To understand this file, note that the first line specifies the number of collective variables describing the chemical reaction. Each collective variable is represented by a separate $COLVAR block. The COLVAR_type keyword indicates the type of variable, such as “BOND,” “ANGLE,” “DIHEDRAL,” or “PPLANE.” The atoms keyword includes the Amber indices of the atoms associated with the specific COLVAR_type. For distances, two indexes are used; for angles, three indexes; and for dihedrals and planes, four indexes are utilized. Additionally, comments after the indexes will help to identify the variable being described (optional). Finally, in some $COLVAR blocks, there may be an optional box keyword that constrains the collective variable within a specified range, typically to prevent the string from getting lost in diffusion processes.

7
$COLVAR
COLVAR_type = "BOND"
atoms = 2242, 4674      !S····C=O
box = 1.3, 4.0
$END

$COLVAR
COLVAR_type = "BOND"
atoms = 4674, 4675      !C=O
$END

$COLVAR
COLVAR_type = "BOND"
atoms = 4675,   4678    !C=O····HO
$END

$COLVAR
COLVAR_type = "BOND"
atoms = 4678,  4677     !H-O inh
$END

$COLVAR
COLVAR_type = "BOND"
atoms = 4677,   618     !HO····HEHis
$END

$COLVAR
COLVAR_type = "BOND"
atoms = 618, 617        !His.HE-NE.His
$END

$COLVAR
COLVAR_type = "BOND"
atoms = 2242, 618       !S····HEHiS
box = 1.0, 4.0
$END

Next we have to define roughly the reaction mechanism pathway.

3.2. guess

In this file we will propose our hypothesis for the reaction mechanism pathway:

5
        3.20    1.20    3.00    1.00    3.20    2.00    1.30
        2.80    1.25    2.85    1.00    2.60    1.50    1.30
        2.40    1.30    2.70    1.00    2.05    1.00    2.20
        2.00    1.35    1.40    1.21    1.40    1.00    3.00
        2.00    1.40    1.00    2.53    1.00    1.80    3.00

The first line indicates the number of steps used to describe the reaction, which is five in this case. Following that, each subsequent line represents the values of the collective variables (CVs) at each step. Each column corresponds to a specific CV, and each row represents a different step.

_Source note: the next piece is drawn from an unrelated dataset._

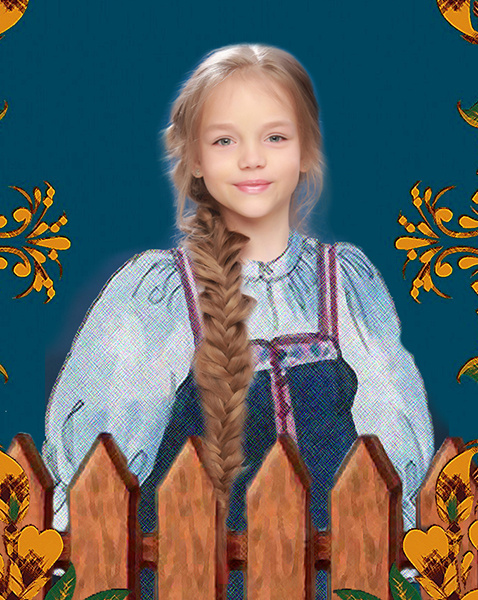 Арина Достовалова, «Уральская краса – русская коса» Арина Достовалова, «Уральская краса – русская коса», фото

Typically, the values for the CVs in the reactants, products, or any stable intermediate steps are obtained by averaging their values from previous molecular dynamics simulations at those specific steps. While it is recommended, this approach is not mandatory. If these values are obtained in this manner, the ends of the string can be fixed, meaning their values remain constant throughout the simulation. This can be specified in the STRING file.

Fig. 2 Change in the collective variables from reactants to products

The first step in the reaction mechanism according to the initial guess shown in Figure 2 is the proton transfer from Cysteine to Histidine (CV7····CV6). The H-S bond (grey line) only starts to be broken when the H is close enough to be transferred to the \(N_\epsilon\) in the histidine (orange line).. We call this intermediate the Ion Pair (IP).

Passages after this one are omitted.